*BRIEF*. Give the records below again, exactly as they appear.

*Data entries*.
#####

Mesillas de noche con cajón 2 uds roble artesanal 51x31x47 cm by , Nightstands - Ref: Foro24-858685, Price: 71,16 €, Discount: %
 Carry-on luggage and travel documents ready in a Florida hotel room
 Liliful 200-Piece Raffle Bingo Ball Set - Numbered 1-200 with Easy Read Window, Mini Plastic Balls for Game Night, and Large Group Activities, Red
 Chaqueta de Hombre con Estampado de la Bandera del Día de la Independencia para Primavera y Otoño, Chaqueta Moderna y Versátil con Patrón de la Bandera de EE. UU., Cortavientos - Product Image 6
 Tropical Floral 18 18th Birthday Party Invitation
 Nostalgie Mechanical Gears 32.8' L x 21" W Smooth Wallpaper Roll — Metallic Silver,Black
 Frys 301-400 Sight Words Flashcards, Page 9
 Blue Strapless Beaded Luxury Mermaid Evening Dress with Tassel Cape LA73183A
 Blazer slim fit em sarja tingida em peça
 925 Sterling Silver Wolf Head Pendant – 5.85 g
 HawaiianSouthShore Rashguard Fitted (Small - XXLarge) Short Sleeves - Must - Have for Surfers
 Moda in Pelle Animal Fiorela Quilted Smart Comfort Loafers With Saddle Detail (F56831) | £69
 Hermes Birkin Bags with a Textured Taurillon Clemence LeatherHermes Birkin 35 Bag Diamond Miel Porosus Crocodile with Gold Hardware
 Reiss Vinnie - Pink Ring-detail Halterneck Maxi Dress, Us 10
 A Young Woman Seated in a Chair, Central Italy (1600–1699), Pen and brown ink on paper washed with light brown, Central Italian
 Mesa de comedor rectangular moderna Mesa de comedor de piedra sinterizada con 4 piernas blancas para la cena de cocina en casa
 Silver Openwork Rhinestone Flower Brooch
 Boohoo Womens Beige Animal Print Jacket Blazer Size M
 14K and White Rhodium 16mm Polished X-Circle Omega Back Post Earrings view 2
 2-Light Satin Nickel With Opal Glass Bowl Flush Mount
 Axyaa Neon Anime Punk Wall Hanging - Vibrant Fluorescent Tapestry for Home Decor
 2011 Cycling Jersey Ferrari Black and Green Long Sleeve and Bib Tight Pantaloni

#####

*RESULT*.
Mesillas de noche con cajón 2 uds roble artesanal 51x31x47 cm by , Nightstands - Ref: Foro24-858685, Price: 71,16 €, Discount: %
 Carry-on luggage and travel documents ready in a Florida hotel room
 Liliful 200-Piece Raffle Bingo Ball Set - Numbered 1-200 with Easy Read Window, Mini Plastic Balls for Game Night, and Large Group Activities, Red
 Chaqueta de Hombre con Estampado de la Bandera del Día de la Independencia para Primavera y Otoño, Chaqueta Moderna y Versátil con Patrón de la Bandera de EE. UU., Cortavientos - Product Image 6
 Tropical Floral 18 18th Birthday Party Invitation
 Nostalgie Mechanical Gears 32.8' L x 21" W Smooth Wallpaper Roll — Metallic Silver,Black
 Frys 301-400 Sight Words Flashcards, Page 9
 Blue Strapless Beaded Luxury Mermaid Evening Dress with Tassel Cape LA73183A
 Blazer slim fit em sarja tingida em peça
 925 Sterling Silver Wolf Head Pendant – 5.85 g
 HawaiianSouthShore Rashguard Fitted (Small - XXLarge) Short Sleeves - Must - Have for Surfers
 Moda in Pelle Animal Fiorela Quilted Smart Comfort Loafers With Saddle Detail (F56831) | £69
 Hermes Birkin Bags with a Textured Taurillon Clemence LeatherHermes Birkin 35 Bag Diamond Miel Porosus Crocodile with Gold Hardware
 Reiss Vinnie - Pink Ring-detail Halterneck Maxi Dress, Us 10
 A Young Woman Seated in a Chair, Central Italy (1600–1699), Pen and brown ink on paper washed with light brown, Central Italian
 Mesa de comedor rectangular moderna Mesa de comedor de piedra sinterizada con 4 piernas blancas para la cena de cocina en casa
 Silver Openwork Rhinestone Flower Brooch
 Boohoo Womens Beige Animal Print Jacket Blazer Size M
 14K and White Rhodium 16mm Polished X-Circle Omega Back Post Earrings view 2
 2-Light Satin Nickel With Opal Glass Bowl Flush Mount
 Axyaa Neon Anime Punk Wall Hanging - Vibrant Fluorescent Tapestry for Home Decor
 2011 Cycling Jersey Ferrari Black and Green Long Sleeve and Bib Tight Pantaloni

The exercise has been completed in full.